═════ SOURCE DATA ═════
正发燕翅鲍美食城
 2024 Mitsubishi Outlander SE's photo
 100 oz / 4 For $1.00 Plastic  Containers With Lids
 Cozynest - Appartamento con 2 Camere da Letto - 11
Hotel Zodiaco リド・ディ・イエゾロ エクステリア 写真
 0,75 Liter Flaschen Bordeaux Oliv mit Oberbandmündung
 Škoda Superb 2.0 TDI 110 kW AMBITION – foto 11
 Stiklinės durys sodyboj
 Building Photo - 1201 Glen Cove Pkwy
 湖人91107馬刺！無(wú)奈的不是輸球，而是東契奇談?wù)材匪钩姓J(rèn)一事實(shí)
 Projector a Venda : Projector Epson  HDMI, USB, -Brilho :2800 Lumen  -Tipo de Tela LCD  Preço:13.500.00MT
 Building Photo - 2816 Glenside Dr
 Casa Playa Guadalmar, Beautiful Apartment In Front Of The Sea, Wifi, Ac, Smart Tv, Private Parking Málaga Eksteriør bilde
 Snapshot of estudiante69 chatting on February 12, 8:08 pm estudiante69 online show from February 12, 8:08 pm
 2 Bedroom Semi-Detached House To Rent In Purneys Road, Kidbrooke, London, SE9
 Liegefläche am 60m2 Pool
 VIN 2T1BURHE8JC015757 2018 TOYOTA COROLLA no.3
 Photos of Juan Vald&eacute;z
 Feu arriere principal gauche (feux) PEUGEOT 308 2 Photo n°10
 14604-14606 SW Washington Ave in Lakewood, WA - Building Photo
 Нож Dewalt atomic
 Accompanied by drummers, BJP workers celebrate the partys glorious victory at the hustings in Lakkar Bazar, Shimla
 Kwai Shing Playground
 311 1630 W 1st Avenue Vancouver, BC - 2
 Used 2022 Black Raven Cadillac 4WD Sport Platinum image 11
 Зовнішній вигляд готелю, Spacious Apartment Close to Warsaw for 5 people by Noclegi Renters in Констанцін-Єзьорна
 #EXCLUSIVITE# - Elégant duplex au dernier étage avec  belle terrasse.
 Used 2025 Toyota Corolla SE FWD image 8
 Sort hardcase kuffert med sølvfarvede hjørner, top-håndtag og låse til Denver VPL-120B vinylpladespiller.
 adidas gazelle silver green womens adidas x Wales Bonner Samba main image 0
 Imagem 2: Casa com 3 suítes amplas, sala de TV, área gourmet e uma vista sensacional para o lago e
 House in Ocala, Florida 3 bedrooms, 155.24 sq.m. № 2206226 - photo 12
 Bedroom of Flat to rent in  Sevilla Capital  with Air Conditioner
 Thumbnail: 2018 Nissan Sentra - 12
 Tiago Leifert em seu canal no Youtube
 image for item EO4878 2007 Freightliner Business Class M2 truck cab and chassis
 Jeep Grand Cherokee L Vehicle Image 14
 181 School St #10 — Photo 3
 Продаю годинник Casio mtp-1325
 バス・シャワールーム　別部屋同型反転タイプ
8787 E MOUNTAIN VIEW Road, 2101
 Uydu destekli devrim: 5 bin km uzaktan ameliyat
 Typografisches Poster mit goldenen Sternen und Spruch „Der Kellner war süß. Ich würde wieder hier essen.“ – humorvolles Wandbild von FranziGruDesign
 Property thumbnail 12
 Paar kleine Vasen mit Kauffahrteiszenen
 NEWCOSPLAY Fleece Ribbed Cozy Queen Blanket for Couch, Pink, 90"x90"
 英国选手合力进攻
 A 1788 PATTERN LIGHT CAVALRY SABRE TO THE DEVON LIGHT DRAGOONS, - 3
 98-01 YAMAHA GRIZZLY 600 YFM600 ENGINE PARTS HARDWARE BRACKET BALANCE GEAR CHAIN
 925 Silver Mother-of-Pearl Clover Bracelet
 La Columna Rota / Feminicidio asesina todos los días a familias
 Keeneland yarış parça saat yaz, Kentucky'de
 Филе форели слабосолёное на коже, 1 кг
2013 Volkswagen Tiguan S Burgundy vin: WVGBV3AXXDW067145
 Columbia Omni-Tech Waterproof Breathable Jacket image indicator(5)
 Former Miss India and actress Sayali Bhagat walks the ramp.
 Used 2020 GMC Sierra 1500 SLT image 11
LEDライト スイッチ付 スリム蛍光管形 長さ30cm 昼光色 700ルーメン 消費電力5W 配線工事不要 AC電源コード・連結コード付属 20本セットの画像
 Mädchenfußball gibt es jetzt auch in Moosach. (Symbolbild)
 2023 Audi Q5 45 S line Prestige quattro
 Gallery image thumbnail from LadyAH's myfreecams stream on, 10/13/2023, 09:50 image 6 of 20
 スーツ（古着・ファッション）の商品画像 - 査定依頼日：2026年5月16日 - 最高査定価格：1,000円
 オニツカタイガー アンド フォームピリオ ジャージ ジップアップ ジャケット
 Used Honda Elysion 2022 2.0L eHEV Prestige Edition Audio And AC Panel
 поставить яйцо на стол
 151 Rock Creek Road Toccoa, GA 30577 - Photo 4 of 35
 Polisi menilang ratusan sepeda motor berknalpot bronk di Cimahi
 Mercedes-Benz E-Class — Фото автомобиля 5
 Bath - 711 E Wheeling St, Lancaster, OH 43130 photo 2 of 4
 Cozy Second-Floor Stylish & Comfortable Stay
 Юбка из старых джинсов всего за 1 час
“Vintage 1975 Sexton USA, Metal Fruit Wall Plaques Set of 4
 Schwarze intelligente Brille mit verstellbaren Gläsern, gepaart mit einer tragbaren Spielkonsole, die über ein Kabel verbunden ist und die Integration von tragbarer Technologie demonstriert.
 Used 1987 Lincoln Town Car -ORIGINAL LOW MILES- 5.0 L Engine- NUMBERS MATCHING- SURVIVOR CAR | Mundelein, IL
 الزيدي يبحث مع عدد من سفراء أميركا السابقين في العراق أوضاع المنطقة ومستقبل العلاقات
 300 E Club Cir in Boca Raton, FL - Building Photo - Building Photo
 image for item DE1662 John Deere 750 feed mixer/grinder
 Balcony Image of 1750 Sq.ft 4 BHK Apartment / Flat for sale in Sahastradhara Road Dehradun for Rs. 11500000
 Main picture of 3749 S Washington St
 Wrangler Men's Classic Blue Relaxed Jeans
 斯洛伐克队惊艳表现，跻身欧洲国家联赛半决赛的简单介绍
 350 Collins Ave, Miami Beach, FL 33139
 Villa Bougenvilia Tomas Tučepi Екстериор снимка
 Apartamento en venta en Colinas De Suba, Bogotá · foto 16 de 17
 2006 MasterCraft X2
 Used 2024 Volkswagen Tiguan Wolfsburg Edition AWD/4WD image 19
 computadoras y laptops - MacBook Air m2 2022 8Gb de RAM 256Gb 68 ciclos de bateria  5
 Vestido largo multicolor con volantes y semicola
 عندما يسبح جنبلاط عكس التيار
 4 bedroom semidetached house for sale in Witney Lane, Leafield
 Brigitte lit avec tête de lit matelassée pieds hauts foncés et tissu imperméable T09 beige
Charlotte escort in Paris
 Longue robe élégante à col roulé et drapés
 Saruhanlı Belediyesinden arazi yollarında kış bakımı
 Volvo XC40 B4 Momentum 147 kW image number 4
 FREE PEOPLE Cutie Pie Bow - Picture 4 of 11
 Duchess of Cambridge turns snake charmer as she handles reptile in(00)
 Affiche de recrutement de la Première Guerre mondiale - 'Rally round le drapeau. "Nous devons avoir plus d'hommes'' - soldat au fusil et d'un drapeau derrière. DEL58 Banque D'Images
═════
TASK STATEMENT: Set down, unchanged, the line that contains "Volvo XC40 B4 Momentum 147 kW image number 4" together with every later line in the records, through the last one.

ANSWER FOR THE TASK:
 Volvo XC40 B4 Momentum 147 kW image number 4
 FREE PEOPLE Cutie Pie Bow - Picture 4 of 11
 Duchess of Cambridge turns snake charmer as she handles reptile in(00)
 Affiche de recrutement de la Première Guerre mondiale - 'Rally round le drapeau. "Nous devons avoir plus d'hommes'' - soldat au fusil et d'un drapeau derrière. DEL58 Banque D'Images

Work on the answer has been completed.